Palm is Hurting, But Their CEO Keeps it Real [Infographic]
I do. Some of my first mobile smart phone experiences as an independent developer and as a user were on the Palm platform.
Look around, though, and you’ll barely see any Palm devices, and the carriers are having trouble giving the devices away. A friend of mine has a conference coming up this summer, and she wants to give away smartphones at the door to all conference goers. She wants to use Android phones, but the carrier sponsoring the give-a-way is trying to push onto her Palm Pre’s.
Of course, she says “Nothin’ doin’” to that.
It’s puzzling, since the device is a decent piece of kit, all things considered. After reading an interview with Palm CEO Jon Rubenstein, I get the sense he’s a bit puzzled as well, but still has fight left in him and the company:
Clearly we’ve hit a speed bump. No question about it. It’s really disappointing, and it’s frustrating. But, the company has tremendous assets. We’ve got a great team we’ve built over the last couple of years. Remember this whole thing was a transformation story. It wasn’t like we took something that was working and didn’t run it well. We started off with a company that had no future, and we have been transforming it. We have arguably the best mobile operating system out there. It’s clearly the easiest to use and has the most intuitive user interface.
We’ve got all those things going for us, and what we need to do is get more commercial success and get to scale. And that’s going to take longer than we’d hoped, obviously, but that doesn’t mean we can’t get there. We do have $590 million in the bank, and we have a plan that carries this company forward. Now, we need to be frugal and we need to invest in those areas that have the best return for us, but when I read that we’re going out of business or our stock is worth zero or those kinds of things, it defies logic to me.

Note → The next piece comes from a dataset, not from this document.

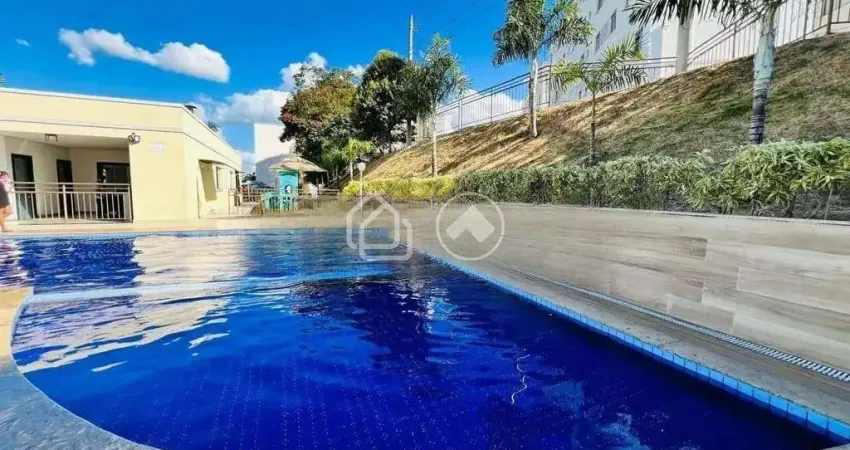 Apartamento com 2 quartos à venda na Rua Plaza Mayor, Califórnia, Belo Horizonte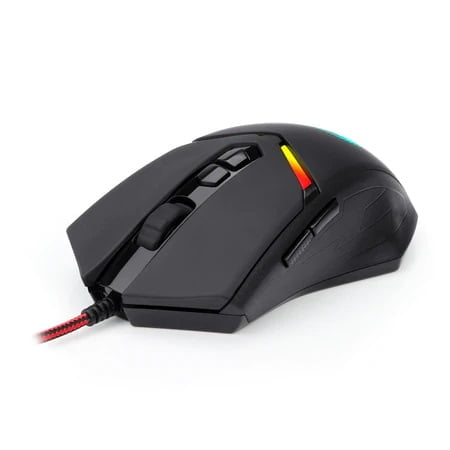 M602 1 Redragon &Lt;H1 Class=&Quot;Product-Single__Title&Quot;&Gt;Redragon M602-1 Gaming Mouse&Lt;/H1&Gt; 8Mm Width Antiskid Roller 180Cm High-Speed Usb Wire 3Mm Diameter High Strength Fiber Wire Button Durability : 5Million Clicks Comfortable Ergonomic Design Gaming Mouse Redragon M602-1 Gaming Mouse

The interviewer apologizes for asking so many “downer questions.” Rubenstein responds:
That’s okay, go ahead. I’m bummed out too, by things like not taking off at Verizon. One of the analysts on our earnings call asked if we had launched when Droid launched, and Droid launched when [we] launched at Verizon, would the story have been opposite? I said I think we have a better product than Droid, and customers would have been happier with it.
The Palm Pre has 2,200 apps in their store. Apple and Android apps (and even the Windows Mobile app store) all dwarf that number. He talked about user choice in the App stores, and makes a very strong point.

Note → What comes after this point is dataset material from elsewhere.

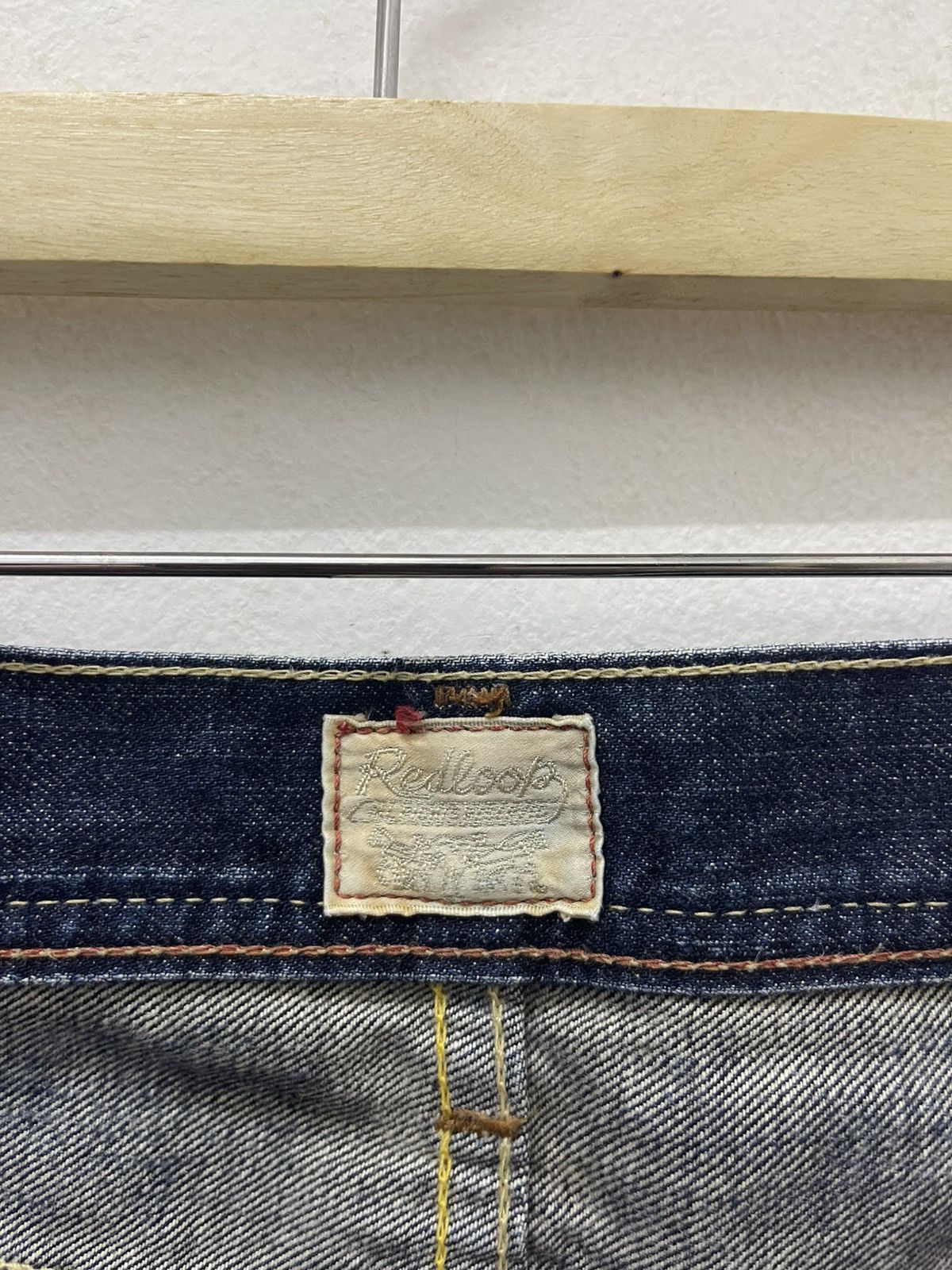 Levi's Vintage Clothing Rare Vintagr LEVIS Redloop Flare Bootcut Japan LVC Size US 28 / EU 44 - 9 Thumbnail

…we really focus on the quality of apps, right? I mean, if you look at the long tail of the 150,000 or 180,000, or whatever number Apple has got these days, it’s an amazing number. The reality is that it’s the first thousand or so that matter and the rest of it is long tail.
Now, that doesn’t mean there aren’t specialty apps that people want. But there’s also a lot of junk out there. So we’ve tried to do two things. One is we’ve really tried to focus on getting quality apps on the platform. We’ve also given users an alternate approach to discovery, which we think is really interesting, and developers really like. We have our unique URL mechanism, which gives developers a URL they can Tweet, or Facebook or e-mail or message or build a Web site that has a directory of apps that are particularly interesting to them. And then you click on that URL, it asks you for your phone number, and you get a notification on your device that says, ‘Would you like to download this app?’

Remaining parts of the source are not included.